I couldn't quite figure it out. Why did this morning's service have me so out of sorts?
Today's lectionary featured Matthew's account of the baptism of Jesus. Not an unfamiliar text. Perhaps the most interesting part of it was John's disavowal of Jesus's request -- "you should be baptizing me" and all that. There was also Psalm 29 and a longish bit from Isaiah. None of those are terribly bothersome scriptures.
The hymns weren't necessarily the problem either. OK, so "Shall we gather at the river" is a bit old-hat for a recovering Baptist, even if it was highly fascinating to both Aaron Copland and Charles Ives. The others were new to the Presbyterian hymnbook, so at least interesting to hear the first time. The anthem was that thing from O Brother, Where Art Thou? in which I have difficulty finding coherent and complete sentences, but that's also old-hat by now. So the music wasn't it, either.
The baptism itself was a wonderful event, even if from my admittedly distant perch I was beginning to wonder if the child was going to kick his way out of the grasp of both parents and pastor. Baptisms are wonderful events, to be celebrated, right?
It took a while to dawn on me that my trouble wasn't anything in the liturgy so much as the headline that formed its backdrop this week.
Maybe you missed it in the midst of the "polar vortex" or the shocking revelation that the governor of New Jersey is a bully. But near Charleston, West Virginia, a chemical plant managed to bust a leak and disgorge a whole lot of chemical spillage into the Elk River. More pointedly, the spill happened just a short distance upstream from one of the primary intake points for the state's principal water utility.

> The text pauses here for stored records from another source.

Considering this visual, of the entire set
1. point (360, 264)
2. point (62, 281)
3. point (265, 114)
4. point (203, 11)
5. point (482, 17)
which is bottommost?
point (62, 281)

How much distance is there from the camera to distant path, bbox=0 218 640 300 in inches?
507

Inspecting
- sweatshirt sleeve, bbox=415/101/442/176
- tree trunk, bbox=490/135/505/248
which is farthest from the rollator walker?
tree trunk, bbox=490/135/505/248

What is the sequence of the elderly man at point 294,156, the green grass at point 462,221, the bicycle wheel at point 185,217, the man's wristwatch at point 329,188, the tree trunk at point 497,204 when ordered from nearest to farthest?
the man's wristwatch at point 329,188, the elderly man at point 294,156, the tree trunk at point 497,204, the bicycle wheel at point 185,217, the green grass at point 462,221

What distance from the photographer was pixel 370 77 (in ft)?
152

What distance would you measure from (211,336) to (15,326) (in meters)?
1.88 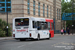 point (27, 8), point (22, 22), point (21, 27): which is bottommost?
point (21, 27)

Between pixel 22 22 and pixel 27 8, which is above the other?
pixel 27 8

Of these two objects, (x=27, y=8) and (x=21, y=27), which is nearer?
(x=21, y=27)

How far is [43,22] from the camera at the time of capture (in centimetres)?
2798

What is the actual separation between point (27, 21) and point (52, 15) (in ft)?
106

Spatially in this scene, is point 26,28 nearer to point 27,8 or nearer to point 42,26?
point 42,26

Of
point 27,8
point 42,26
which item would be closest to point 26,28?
point 42,26

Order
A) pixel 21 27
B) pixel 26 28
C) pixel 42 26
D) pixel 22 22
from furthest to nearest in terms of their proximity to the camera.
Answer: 1. pixel 42 26
2. pixel 22 22
3. pixel 21 27
4. pixel 26 28

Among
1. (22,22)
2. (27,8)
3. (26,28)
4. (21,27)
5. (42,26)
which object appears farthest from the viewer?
(27,8)

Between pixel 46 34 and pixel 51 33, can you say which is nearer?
pixel 46 34

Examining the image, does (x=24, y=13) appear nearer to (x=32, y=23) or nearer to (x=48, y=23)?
(x=48, y=23)

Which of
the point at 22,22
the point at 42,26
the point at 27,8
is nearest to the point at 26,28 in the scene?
the point at 22,22

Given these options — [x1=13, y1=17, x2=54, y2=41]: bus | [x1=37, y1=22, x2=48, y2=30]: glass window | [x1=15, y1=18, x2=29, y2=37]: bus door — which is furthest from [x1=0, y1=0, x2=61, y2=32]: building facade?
Answer: [x1=15, y1=18, x2=29, y2=37]: bus door

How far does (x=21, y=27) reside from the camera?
24.9m

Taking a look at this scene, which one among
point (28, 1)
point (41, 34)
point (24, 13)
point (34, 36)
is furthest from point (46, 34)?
point (28, 1) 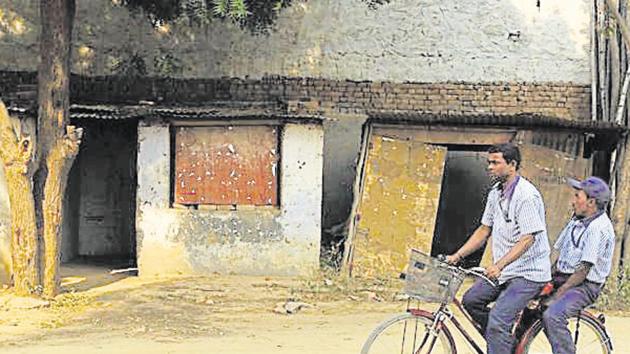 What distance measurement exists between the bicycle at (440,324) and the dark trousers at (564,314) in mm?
119

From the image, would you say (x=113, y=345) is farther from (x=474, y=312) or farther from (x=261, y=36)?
(x=261, y=36)

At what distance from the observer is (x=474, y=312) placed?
6203 millimetres

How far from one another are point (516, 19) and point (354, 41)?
9.27 feet

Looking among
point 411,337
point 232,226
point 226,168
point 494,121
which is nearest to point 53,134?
point 226,168

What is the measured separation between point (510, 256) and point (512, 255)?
0.05 ft

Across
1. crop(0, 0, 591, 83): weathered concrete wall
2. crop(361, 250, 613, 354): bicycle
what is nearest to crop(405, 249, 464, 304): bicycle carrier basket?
crop(361, 250, 613, 354): bicycle

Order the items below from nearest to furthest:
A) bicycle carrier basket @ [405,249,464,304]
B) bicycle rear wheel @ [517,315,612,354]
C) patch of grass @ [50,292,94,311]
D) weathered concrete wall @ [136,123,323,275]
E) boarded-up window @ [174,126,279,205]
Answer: bicycle carrier basket @ [405,249,464,304] < bicycle rear wheel @ [517,315,612,354] < patch of grass @ [50,292,94,311] < weathered concrete wall @ [136,123,323,275] < boarded-up window @ [174,126,279,205]

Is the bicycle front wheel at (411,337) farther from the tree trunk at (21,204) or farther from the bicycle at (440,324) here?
the tree trunk at (21,204)

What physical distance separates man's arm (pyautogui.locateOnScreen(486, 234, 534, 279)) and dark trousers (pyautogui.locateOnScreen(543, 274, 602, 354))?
0.48 m

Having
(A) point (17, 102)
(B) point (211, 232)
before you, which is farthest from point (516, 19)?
(A) point (17, 102)

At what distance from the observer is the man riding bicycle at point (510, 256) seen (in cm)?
594

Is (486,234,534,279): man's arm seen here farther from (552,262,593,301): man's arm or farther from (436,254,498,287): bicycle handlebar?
(552,262,593,301): man's arm

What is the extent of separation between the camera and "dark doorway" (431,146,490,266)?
1508 centimetres

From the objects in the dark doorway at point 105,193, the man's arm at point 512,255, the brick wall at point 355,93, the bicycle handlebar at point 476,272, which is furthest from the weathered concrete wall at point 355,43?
the man's arm at point 512,255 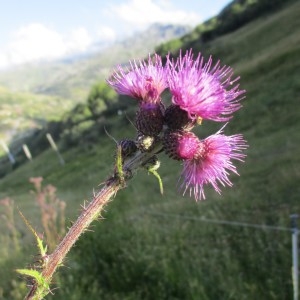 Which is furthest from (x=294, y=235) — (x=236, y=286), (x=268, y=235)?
(x=268, y=235)

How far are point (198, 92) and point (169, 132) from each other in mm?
240

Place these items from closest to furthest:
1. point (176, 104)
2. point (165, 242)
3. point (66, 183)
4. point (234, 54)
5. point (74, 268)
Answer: point (176, 104), point (74, 268), point (165, 242), point (66, 183), point (234, 54)

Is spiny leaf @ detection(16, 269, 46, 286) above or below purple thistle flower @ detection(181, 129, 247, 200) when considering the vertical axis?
below

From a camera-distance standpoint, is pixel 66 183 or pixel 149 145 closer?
pixel 149 145

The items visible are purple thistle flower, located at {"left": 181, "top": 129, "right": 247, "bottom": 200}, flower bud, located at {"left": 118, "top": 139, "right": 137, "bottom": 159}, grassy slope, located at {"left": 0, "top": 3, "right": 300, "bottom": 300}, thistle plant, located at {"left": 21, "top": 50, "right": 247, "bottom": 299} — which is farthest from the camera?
grassy slope, located at {"left": 0, "top": 3, "right": 300, "bottom": 300}

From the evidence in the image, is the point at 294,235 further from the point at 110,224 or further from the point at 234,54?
the point at 234,54

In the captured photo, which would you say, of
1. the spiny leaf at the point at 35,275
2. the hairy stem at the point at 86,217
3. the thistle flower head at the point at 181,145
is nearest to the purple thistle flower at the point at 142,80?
the thistle flower head at the point at 181,145

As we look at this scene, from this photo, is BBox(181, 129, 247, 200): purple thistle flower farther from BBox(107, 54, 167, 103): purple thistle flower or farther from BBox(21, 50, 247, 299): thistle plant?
BBox(107, 54, 167, 103): purple thistle flower

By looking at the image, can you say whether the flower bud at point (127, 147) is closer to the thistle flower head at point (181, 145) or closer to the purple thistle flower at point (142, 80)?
the thistle flower head at point (181, 145)

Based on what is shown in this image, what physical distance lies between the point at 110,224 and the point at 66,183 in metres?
43.2

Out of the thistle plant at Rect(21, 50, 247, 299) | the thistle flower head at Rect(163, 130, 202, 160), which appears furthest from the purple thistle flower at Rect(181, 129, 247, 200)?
the thistle flower head at Rect(163, 130, 202, 160)

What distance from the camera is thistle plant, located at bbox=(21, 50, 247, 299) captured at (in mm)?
1952

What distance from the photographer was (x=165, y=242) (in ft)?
30.9

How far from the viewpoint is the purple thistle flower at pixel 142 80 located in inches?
94.9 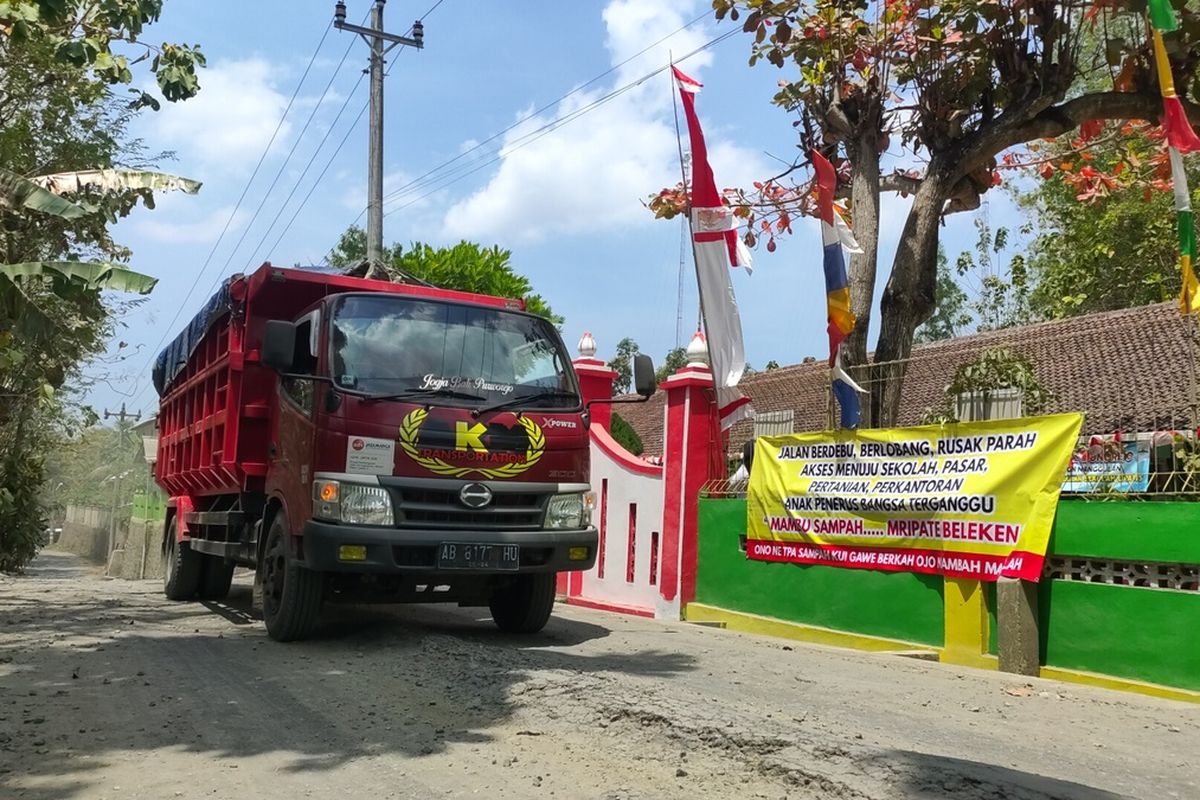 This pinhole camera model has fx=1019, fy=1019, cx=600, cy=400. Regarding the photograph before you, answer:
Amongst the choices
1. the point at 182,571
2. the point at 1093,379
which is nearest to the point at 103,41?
the point at 182,571

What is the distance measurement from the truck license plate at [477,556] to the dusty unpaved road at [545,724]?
21.6 inches

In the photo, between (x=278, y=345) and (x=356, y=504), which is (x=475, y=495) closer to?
(x=356, y=504)

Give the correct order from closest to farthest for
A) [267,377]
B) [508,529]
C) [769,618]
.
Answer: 1. [508,529]
2. [267,377]
3. [769,618]

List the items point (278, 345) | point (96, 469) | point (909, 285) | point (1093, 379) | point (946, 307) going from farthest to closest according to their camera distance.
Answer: point (96, 469) → point (946, 307) → point (1093, 379) → point (909, 285) → point (278, 345)

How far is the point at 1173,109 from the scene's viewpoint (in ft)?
22.7

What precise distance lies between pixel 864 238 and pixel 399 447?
15.8 feet

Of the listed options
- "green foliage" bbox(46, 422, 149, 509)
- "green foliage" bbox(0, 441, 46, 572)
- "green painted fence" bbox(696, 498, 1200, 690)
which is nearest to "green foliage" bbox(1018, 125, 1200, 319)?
"green painted fence" bbox(696, 498, 1200, 690)

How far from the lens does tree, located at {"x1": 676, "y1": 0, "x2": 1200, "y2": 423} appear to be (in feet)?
26.5

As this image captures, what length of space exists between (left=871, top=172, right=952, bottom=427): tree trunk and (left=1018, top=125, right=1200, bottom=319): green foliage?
8.27m

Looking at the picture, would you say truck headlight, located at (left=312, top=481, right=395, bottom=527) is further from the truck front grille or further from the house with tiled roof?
the house with tiled roof

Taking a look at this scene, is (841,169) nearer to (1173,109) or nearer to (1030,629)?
(1173,109)

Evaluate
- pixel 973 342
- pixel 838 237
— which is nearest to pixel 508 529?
pixel 838 237

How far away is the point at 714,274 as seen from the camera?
9.49m

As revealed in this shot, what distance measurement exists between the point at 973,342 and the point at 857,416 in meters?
11.2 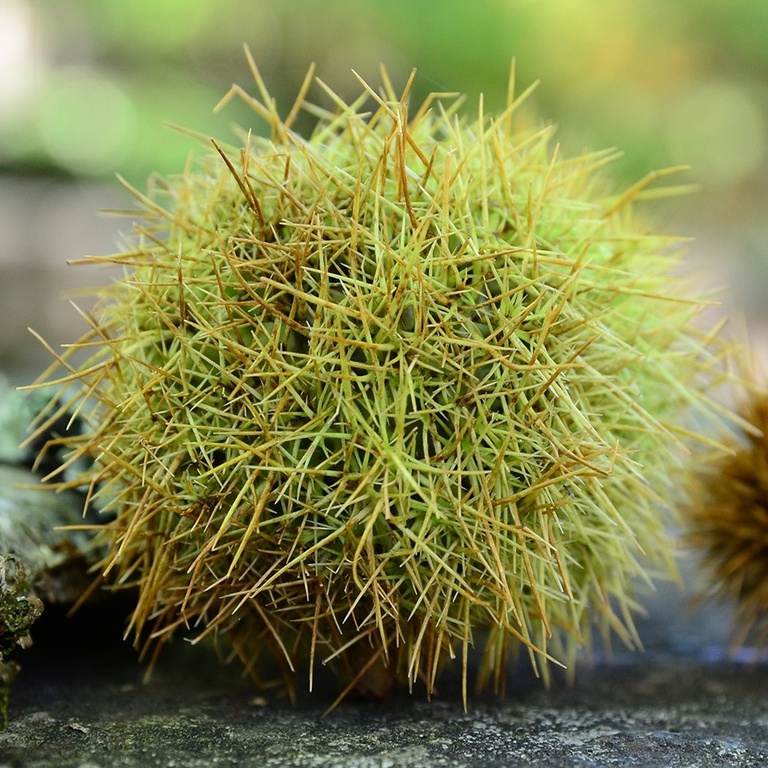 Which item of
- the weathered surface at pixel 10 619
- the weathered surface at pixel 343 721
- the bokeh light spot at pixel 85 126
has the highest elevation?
the bokeh light spot at pixel 85 126

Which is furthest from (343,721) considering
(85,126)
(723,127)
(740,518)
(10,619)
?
(723,127)

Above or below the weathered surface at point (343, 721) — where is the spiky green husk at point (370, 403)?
above

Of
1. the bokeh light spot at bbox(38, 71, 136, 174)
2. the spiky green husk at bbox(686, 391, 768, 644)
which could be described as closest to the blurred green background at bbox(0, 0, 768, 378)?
the bokeh light spot at bbox(38, 71, 136, 174)

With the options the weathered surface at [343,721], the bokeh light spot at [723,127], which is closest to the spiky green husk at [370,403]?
the weathered surface at [343,721]

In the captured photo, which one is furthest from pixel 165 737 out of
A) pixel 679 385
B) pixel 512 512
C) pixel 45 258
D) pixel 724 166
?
pixel 724 166

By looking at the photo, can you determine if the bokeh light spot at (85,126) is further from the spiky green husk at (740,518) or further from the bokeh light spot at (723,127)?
the spiky green husk at (740,518)

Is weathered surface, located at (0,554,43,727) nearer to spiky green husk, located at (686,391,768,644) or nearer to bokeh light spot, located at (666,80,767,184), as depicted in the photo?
spiky green husk, located at (686,391,768,644) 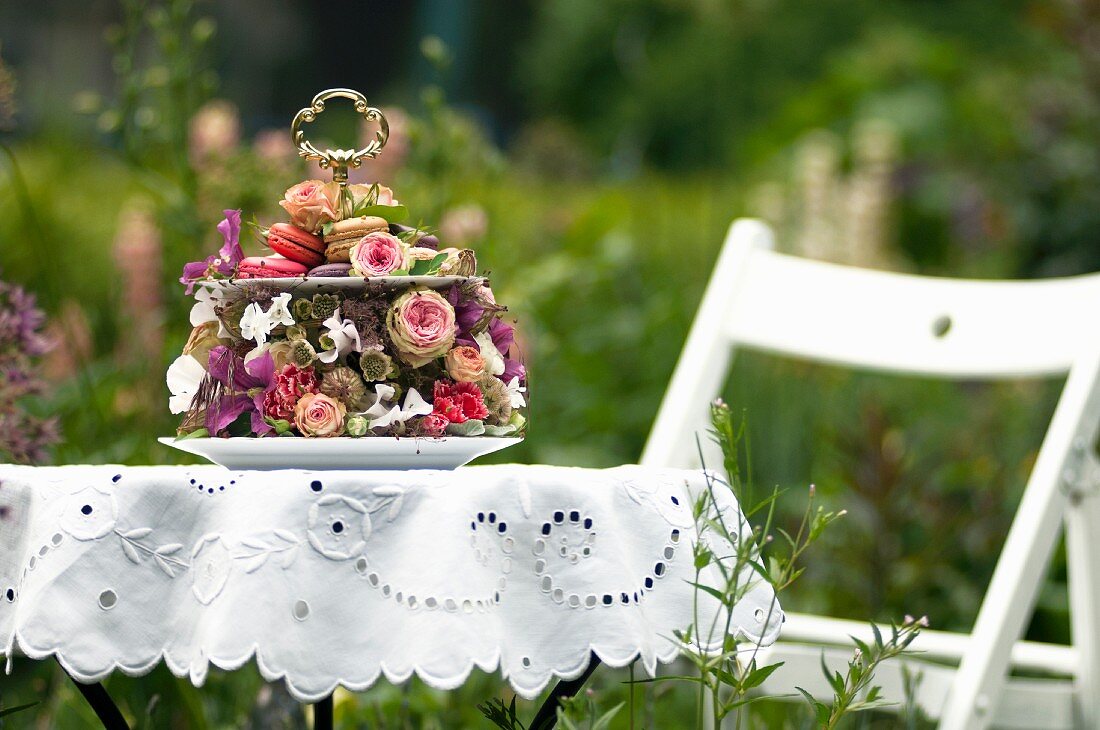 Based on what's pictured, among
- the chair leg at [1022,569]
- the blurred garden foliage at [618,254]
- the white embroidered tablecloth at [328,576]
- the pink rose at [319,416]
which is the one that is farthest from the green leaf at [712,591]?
the blurred garden foliage at [618,254]

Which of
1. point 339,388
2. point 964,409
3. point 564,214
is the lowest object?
point 964,409

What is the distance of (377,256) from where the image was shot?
52.8 inches

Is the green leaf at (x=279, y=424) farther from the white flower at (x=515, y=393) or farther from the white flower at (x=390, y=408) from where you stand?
the white flower at (x=515, y=393)

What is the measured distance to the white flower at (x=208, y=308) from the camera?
136 cm

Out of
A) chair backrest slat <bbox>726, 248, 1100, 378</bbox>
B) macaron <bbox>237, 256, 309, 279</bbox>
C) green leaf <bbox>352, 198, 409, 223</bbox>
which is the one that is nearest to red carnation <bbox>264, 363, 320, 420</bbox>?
macaron <bbox>237, 256, 309, 279</bbox>

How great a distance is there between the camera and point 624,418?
4.11m

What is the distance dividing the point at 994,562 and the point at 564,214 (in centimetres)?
259

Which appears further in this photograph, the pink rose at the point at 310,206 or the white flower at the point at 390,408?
the pink rose at the point at 310,206

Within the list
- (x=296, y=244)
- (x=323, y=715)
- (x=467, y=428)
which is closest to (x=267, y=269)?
(x=296, y=244)

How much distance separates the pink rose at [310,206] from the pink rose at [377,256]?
7cm

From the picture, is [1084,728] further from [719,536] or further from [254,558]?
[254,558]

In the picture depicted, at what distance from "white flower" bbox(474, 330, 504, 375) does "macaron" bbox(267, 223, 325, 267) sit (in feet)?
0.60

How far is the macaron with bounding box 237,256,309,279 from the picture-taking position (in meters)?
1.36

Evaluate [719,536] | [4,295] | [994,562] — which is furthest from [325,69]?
[719,536] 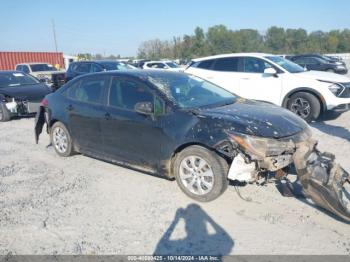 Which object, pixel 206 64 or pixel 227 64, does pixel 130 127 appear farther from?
pixel 206 64

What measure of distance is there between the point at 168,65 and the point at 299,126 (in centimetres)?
2085

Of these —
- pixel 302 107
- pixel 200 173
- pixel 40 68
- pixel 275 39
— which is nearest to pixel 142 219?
pixel 200 173

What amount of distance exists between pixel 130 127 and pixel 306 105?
5.40 m

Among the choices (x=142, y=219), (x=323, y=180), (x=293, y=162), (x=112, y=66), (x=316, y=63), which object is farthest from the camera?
(x=316, y=63)

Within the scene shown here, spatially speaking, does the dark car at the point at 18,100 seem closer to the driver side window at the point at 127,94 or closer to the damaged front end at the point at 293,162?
the driver side window at the point at 127,94

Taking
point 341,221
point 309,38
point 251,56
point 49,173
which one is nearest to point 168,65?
point 251,56

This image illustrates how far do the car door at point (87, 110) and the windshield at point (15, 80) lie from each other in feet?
19.6

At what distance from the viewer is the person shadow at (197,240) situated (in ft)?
11.0

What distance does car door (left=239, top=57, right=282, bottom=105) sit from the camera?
29.7 feet

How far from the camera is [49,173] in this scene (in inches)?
222

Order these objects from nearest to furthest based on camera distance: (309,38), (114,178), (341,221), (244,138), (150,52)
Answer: (341,221) → (244,138) → (114,178) → (150,52) → (309,38)

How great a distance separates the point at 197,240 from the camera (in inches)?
139

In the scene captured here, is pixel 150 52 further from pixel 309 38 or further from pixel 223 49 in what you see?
pixel 309 38

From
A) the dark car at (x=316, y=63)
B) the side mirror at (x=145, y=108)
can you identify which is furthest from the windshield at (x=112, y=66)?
the dark car at (x=316, y=63) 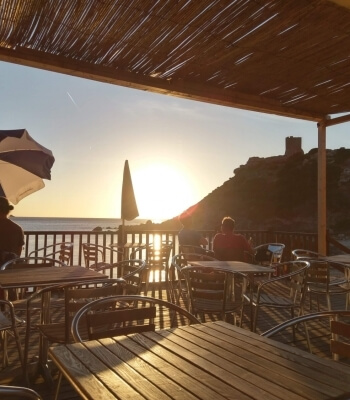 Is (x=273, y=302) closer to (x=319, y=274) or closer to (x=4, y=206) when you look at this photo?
(x=319, y=274)

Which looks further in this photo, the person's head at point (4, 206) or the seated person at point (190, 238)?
the seated person at point (190, 238)

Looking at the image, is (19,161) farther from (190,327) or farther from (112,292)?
(190,327)

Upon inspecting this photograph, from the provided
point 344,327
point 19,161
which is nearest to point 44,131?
point 19,161

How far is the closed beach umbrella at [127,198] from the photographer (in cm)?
802

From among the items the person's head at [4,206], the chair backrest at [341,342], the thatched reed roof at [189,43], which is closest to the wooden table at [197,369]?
the chair backrest at [341,342]

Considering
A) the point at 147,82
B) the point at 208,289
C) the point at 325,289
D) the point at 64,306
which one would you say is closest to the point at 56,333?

The particular fun of this spill is that the chemical in question (Crude MGHM, used for washing impurities out of coal), seems to be a bit of a mystery chemical to way too many people. No way to text for its toxicity in water; not a lot of clarity on just how toxic it is to drink or breathe or shower in or any such thing. It's clearly enough to smell bad and to make some folks near the spill sick, and apparently enough is known to tell folks that even boiling the water, that old purification standby, doesn't work in this case). But one has to wonder just how much thought went into letting a plant that works with such a chemical regularly get upstream of a water-utility facility in the first place.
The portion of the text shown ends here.